Becker explains that Bell’s theorem forced physicists to face a choice: Abandon the principle of locality (and accept the idea of instant connections across space), abandon realism (and accept that properties don’t exist before measurement), or abandon the idea that quantum mechanics is complete.
Three alternative interpretations represent different responses to this choice. They all revolve around the question of what causes quantum wave function collapse—the moment when the “probability wave” of a quantum particle’s potential location and momentum “collapses” into the specific characteristics it takes on when it’s observed and measured.
#1: Many-Worlds—Preserve Everything by Multiplying Universes
The many-worlds interpretation offers one escape route: Physicists could preserve both locality and realism by abandoning the assumption that only one outcome occurs. Becker explains that, in this view, wave functions never collapse. Instead, all possible measurement outcomes happen in parallel branches of reality. This dissolves Bell’s dilemma by denying there’s a single definite result to correlate across space. When you measure an entangled particle, you don’t get just one outcome; instead, you experience all possible outcomes. The apparent nonlocality results from observers’ limited perspective: We only see one branch of reality while remaining unaware of countless others.

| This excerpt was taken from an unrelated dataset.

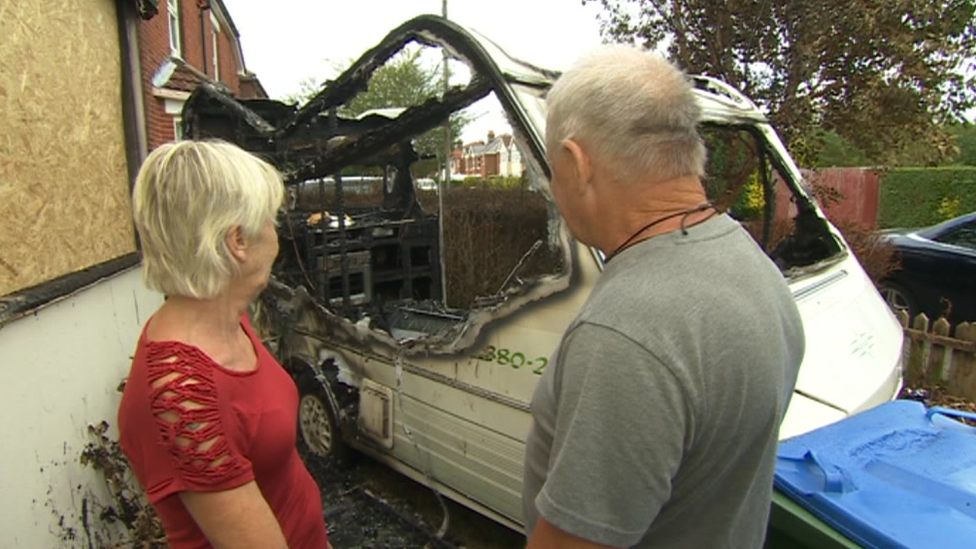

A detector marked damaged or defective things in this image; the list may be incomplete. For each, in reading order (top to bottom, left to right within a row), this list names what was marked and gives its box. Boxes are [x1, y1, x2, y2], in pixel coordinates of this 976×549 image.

charred caravan frame [175, 16, 892, 532]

Becker points out that, under this interpretation, Schrödinger’s cat is both alive and dead, but in separate branches of reality. The measurement problem vanishes because measurements don’t force choices—they simply reveal which branch of the universal wave function we happen to be experiencing.
| Many-Worlds Goes Hollywood The film Everything Everywhere All at Once dramatizes the idea of the multiplying universe—and imagines how becoming aware of these multiple worlds could feel liberating or devastating. In the film, laundromat owner Evelyn discovers she can access memories and skills from alternate versions of herself across the multiverse—versions where she became a movie star, a chef, or even a being with hot dog fingers. Her daughter Joy, pushed too far into multiverse consciousness, experiences all possible versions of herself simultaneously. This overwhelming perspective leads Joy to conclude that nothing matters since every possible outcome occurs somewhere, which drives her toward nihilistic self-destruction. This portrayal of Joy parallels the real-life trajectory of many-worlds physicist Hugh Everett III. After developing his interpretation of quantum mechanics, Everett abandoned academic science, became an alcoholic defense contractor working on nuclear war scenarios, and died at 51, leaving instructions for his ashes to be thrown into the garbage. Like Joy, Everett seemed crushed by the implications of his discovery. The film gives Evelyn a different way forward, when she learns to come to terms with the multiplicity of her existence through compassion, which some critics see as a nod to Buddhist philosophy. In fact, Buddhism aligns with what some physicists think the many-worlds interpretation really means: They argue the multiverse doesn’t continually split into new universes. Instead, all possible universes already exist in a “universal wave function.” Rather than creating infinite new realities with each move we make, we’ve always been part of this infinite reality. This mirrors Buddhists’ idea that our sense of being separate individuals is an illusion, and we’re really part of a vast, interconnected whole. The film suggests recognizing this vastness need not lead to nihilism, but can inspire us to engage fully with whatever branch of existence we happen to inhabit. |
#2: Pilot-Wave Theory—Accept Nonlocality, Restore Objective Reality
The pilot-wave interpretation takes a different approach: Accept Bell’s proof of nonlocality while restoring the objective reality Einstein sought. Becker notes that, according to this view, particles always have definite positions and properties, and they’re guided by “pilot waves” that can influence distant particles instantly. This eliminates the measurement problem by removing the need for wave function collapse. Particles follow definite trajectories determined by waves, and measurements reveal where particles are. There’s no mystery about obtaining definite results: The particles detected in any experiment existed in definite states all along; we just didn’t know which ones until we measured them.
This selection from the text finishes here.